» **Data shown**:

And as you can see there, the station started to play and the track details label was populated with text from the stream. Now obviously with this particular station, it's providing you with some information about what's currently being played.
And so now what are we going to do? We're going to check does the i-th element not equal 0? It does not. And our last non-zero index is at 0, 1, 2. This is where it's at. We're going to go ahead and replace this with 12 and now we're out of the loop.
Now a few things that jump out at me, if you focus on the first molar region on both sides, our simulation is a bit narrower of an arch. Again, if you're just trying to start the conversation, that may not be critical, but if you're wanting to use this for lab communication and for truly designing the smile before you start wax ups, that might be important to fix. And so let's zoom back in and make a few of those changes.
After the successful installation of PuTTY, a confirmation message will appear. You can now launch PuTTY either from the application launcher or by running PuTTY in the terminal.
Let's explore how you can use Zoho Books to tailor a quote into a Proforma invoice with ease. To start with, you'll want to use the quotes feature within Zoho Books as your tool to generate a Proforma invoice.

---

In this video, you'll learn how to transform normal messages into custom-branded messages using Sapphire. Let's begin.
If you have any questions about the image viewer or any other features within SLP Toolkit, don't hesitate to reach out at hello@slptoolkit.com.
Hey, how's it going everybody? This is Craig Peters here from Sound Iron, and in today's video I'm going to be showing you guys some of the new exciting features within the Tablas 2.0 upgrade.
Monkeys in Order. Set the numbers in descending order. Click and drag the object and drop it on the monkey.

» **Exercise description**:
What lines of the listing above hold "features"? Copy all of them.

» **Result for this exercise**:
If you have any questions about the image viewer or any other features within SLP Toolkit, don't hesitate to reach out at hello@slptoolkit.com.
Hey, how's it going everybody? This is Craig Peters here from Sound Iron, and in today's video I'm going to be showing you guys some of the new exciting features within the Tablas 2.0 upgrade.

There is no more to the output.